Cross-Entropy Loss
Category: Loss Function | Complexity: O(N*V) reduction | Memory: 2 passes (max + sum-exp)
Algorithm
Cross-entropy loss is the standard training objective for classification and language modeling:
loss[i] = -logits[i, target[i]] + log(sum(exp(logits[i, :])))
Numerically stable version (log-sum-exp trick):
m = max(logits[i, :])
loss[i] = -(logits[i, target[i]] - m) + log(sum(exp(logits[i, :] - m)))
This kernel is compute-heavy for large vocabularies (V=32000+) due to the row-wise exp and reduction.
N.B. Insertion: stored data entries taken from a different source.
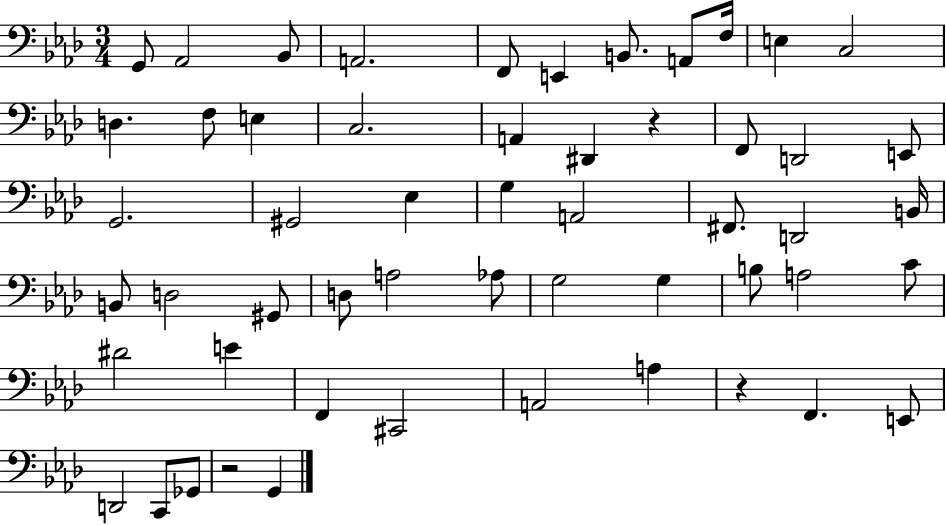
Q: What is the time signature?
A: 3/4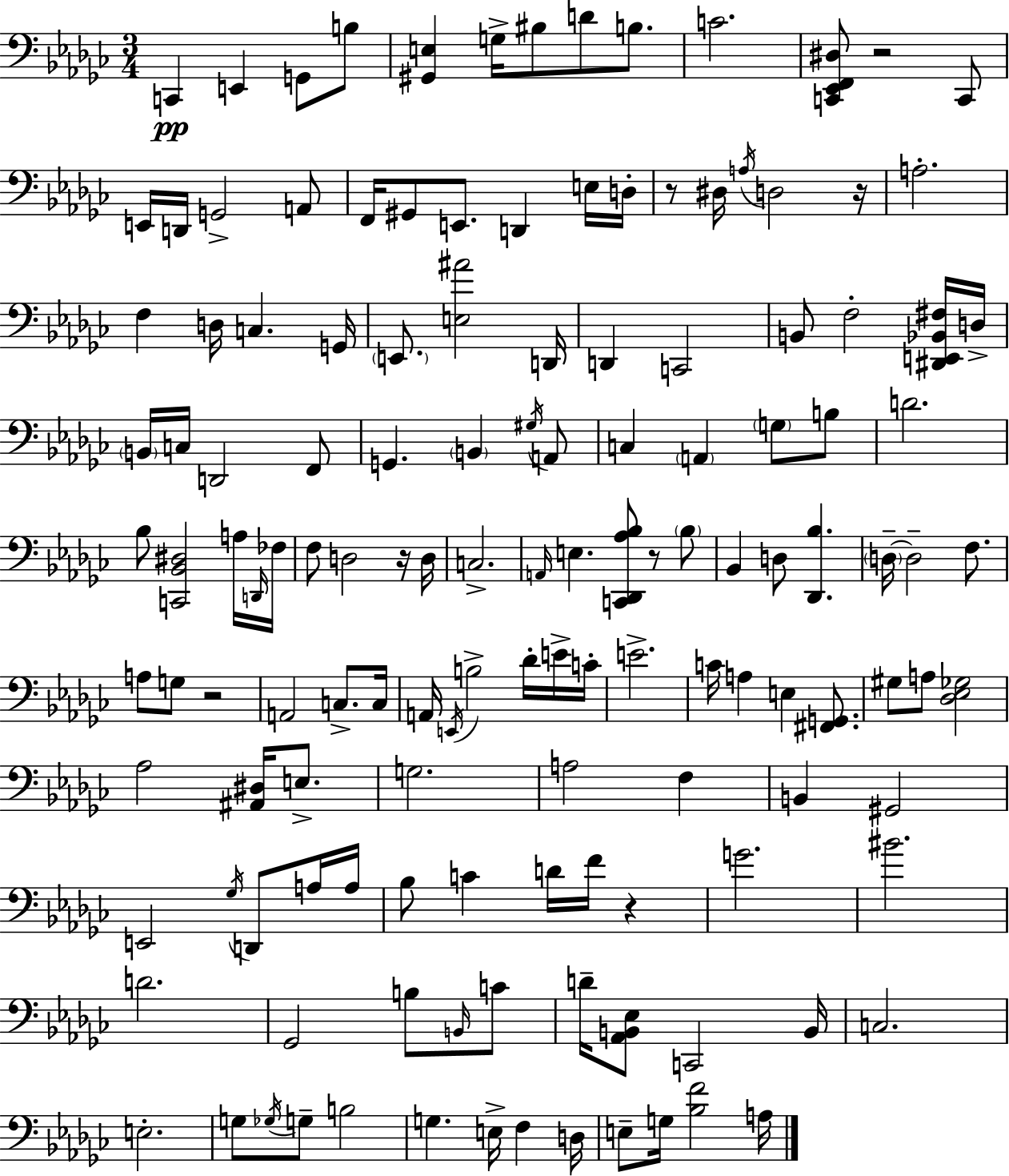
X:1
T:Untitled
M:3/4
L:1/4
K:Ebm
C,, E,, G,,/2 B,/2 [^G,,E,] G,/4 ^B,/2 D/2 B,/2 C2 [C,,_E,,F,,^D,]/2 z2 C,,/2 E,,/4 D,,/4 G,,2 A,,/2 F,,/4 ^G,,/2 E,,/2 D,, E,/4 D,/4 z/2 ^D,/4 A,/4 D,2 z/4 A,2 F, D,/4 C, G,,/4 E,,/2 [E,^A]2 D,,/4 D,, C,,2 B,,/2 F,2 [^D,,E,,_B,,^F,]/4 D,/4 B,,/4 C,/4 D,,2 F,,/2 G,, B,, ^G,/4 A,,/2 C, A,, G,/2 B,/2 D2 _B,/2 [C,,_B,,^D,]2 A,/4 D,,/4 _F,/4 F,/2 D,2 z/4 D,/4 C,2 A,,/4 E, [C,,_D,,_A,_B,]/2 z/2 _B,/2 _B,, D,/2 [_D,,_B,] D,/4 D,2 F,/2 A,/2 G,/2 z2 A,,2 C,/2 C,/4 A,,/4 E,,/4 B,2 _D/4 E/4 C/4 E2 C/4 A, E, [^F,,G,,]/2 ^G,/2 A,/2 [_D,_E,_G,]2 _A,2 [^A,,^D,]/4 E,/2 G,2 A,2 F, B,, ^G,,2 E,,2 _G,/4 D,,/2 A,/4 A,/4 _B,/2 C D/4 F/4 z G2 ^B2 D2 _G,,2 B,/2 B,,/4 C/2 D/4 [_A,,B,,_E,]/2 C,,2 B,,/4 C,2 E,2 G,/2 _G,/4 G,/2 B,2 G, E,/4 F, D,/4 E,/2 G,/4 [_B,F]2 A,/4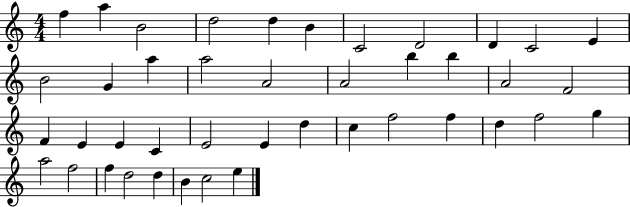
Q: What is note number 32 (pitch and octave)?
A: D5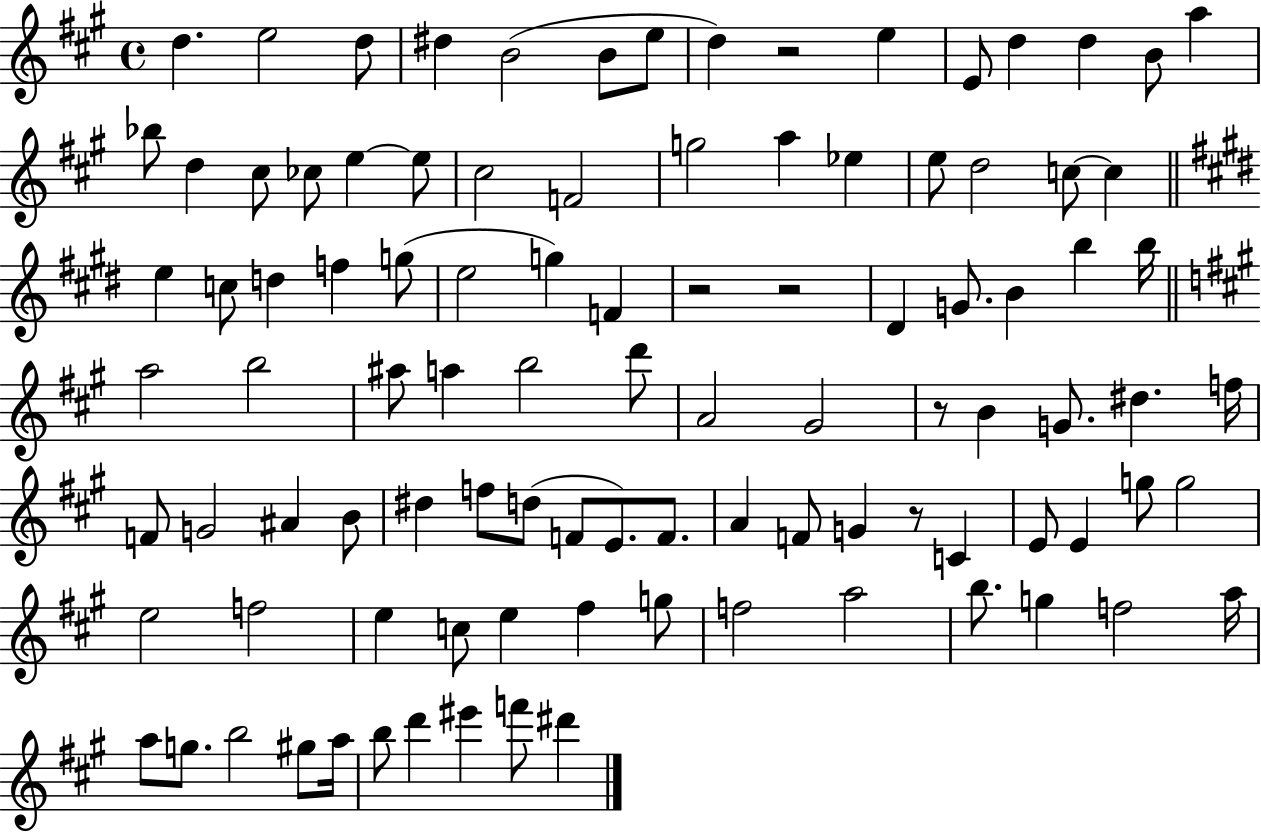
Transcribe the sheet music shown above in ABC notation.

X:1
T:Untitled
M:4/4
L:1/4
K:A
d e2 d/2 ^d B2 B/2 e/2 d z2 e E/2 d d B/2 a _b/2 d ^c/2 _c/2 e e/2 ^c2 F2 g2 a _e e/2 d2 c/2 c e c/2 d f g/2 e2 g F z2 z2 ^D G/2 B b b/4 a2 b2 ^a/2 a b2 d'/2 A2 ^G2 z/2 B G/2 ^d f/4 F/2 G2 ^A B/2 ^d f/2 d/2 F/2 E/2 F/2 A F/2 G z/2 C E/2 E g/2 g2 e2 f2 e c/2 e ^f g/2 f2 a2 b/2 g f2 a/4 a/2 g/2 b2 ^g/2 a/4 b/2 d' ^e' f'/2 ^d'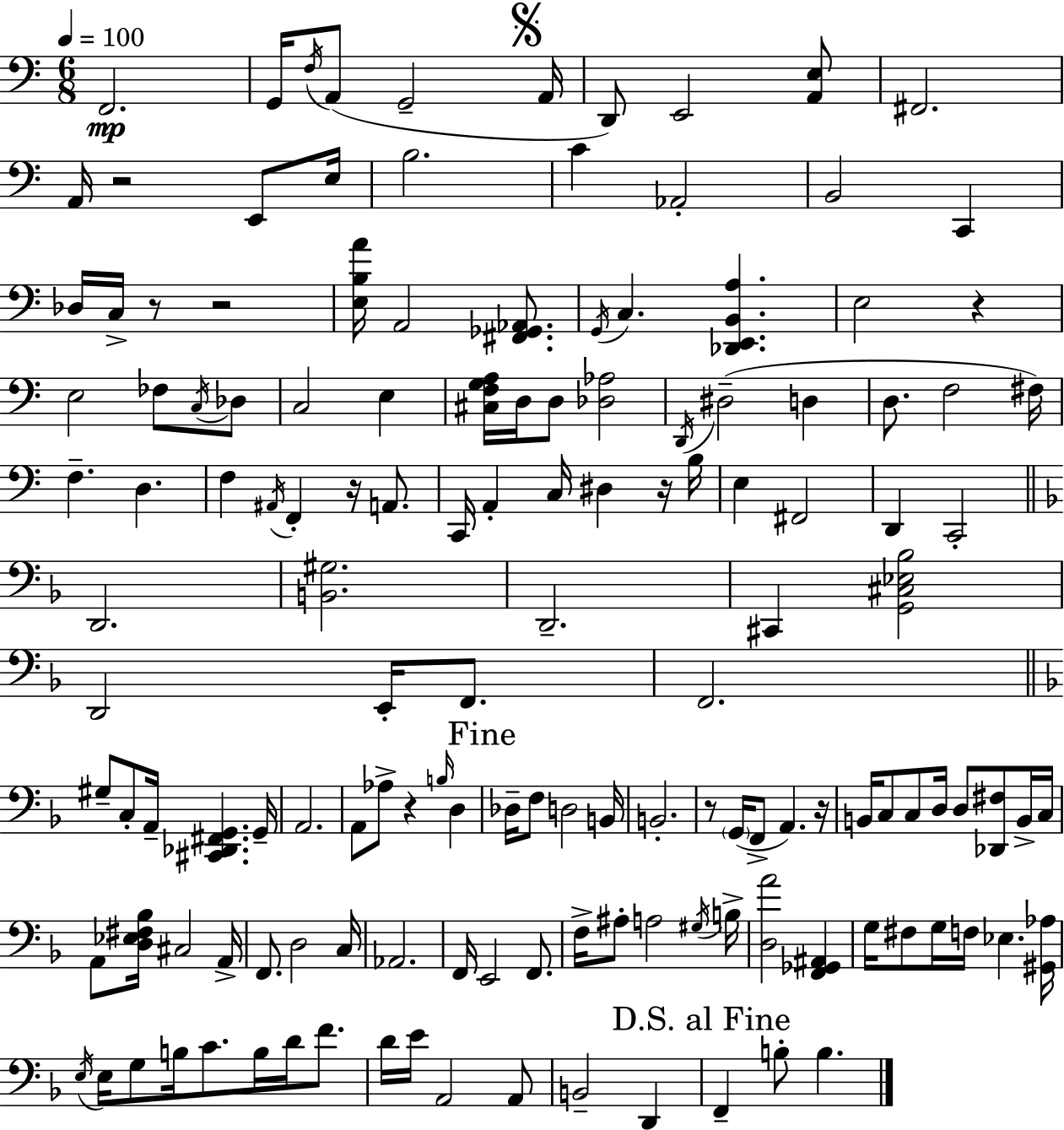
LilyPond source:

{
  \clef bass
  \numericTimeSignature
  \time 6/8
  \key a \minor
  \tempo 4 = 100
  f,2.\mp | g,16 \acciaccatura { f16 }( a,8 g,2-- | \mark \markup { \musicglyph "scripts.segno" } a,16 d,8) e,2 <a, e>8 | fis,2. | \break a,16 r2 e,8 | e16 b2. | c'4 aes,2-. | b,2 c,4 | \break des16 c16-> r8 r2 | <e b a'>16 a,2 <fis, ges, aes,>8. | \acciaccatura { g,16 } c4. <des, e, b, a>4. | e2 r4 | \break e2 fes8 | \acciaccatura { c16 } des8 c2 e4 | <cis f g a>16 d16 d8 <des aes>2 | \acciaccatura { d,16 }( dis2-- | \break d4 d8. f2 | fis16) f4.-- d4. | f4 \acciaccatura { ais,16 } f,4-. | r16 a,8. c,16 a,4-. c16 dis4 | \break r16 b16 e4 fis,2 | d,4 c,2-. | \bar "||" \break \key d \minor d,2. | <b, gis>2. | d,2.-- | cis,4 <g, cis ees bes>2 | \break d,2 e,16-. f,8. | f,2. | \bar "||" \break \key d \minor gis8-- c8-. a,16-- <cis, des, fis, g,>4. g,16-- | a,2. | a,8 aes8-> r4 \grace { b16 } d4 | \mark "Fine" des16-- f8 d2 | \break b,16 b,2.-. | r8 \parenthesize g,16( f,8-> a,4.) | r16 b,16 c8 c8 d16 d8 <des, fis>8 b,16-> | c16 a,8 <d ees fis bes>16 cis2 | \break a,16-> f,8. d2 | c16 aes,2. | f,16 e,2 f,8. | f16-> ais8-. a2 | \break \acciaccatura { gis16 } b16-> <d a'>2 <f, ges, ais,>4 | g16 fis8 g16 f16 ees4. | <gis, aes>16 \acciaccatura { e16 } e16 g8 b16 c'8. b16 d'16 | f'8. d'16 e'16 a,2 | \break a,8 b,2-- d,4 | \mark "D.S. al Fine" f,4-- b8-. b4. | \bar "|."
}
It combines softmax-like reduction with an index gather.
ascend-rs Kernel Source
Cross-entropy using the tile API — safe entry form with one unsafe block (the targets pointer is an integer gather source, not a tile, so safe::tile_cross_entropy_f32 is declared pub unsafe fn):
#![allow(unused)]
fn main() {
use ascend_std::tile::{GmView, GmViewMut, safe, tile_load_view_f32, tile_store_view_f32};
#[ascend_std::aiv_kernel]
pub fn tile_cross_entropy(
logits: GmView<'_, 32, 32000, f32>, // (N, V)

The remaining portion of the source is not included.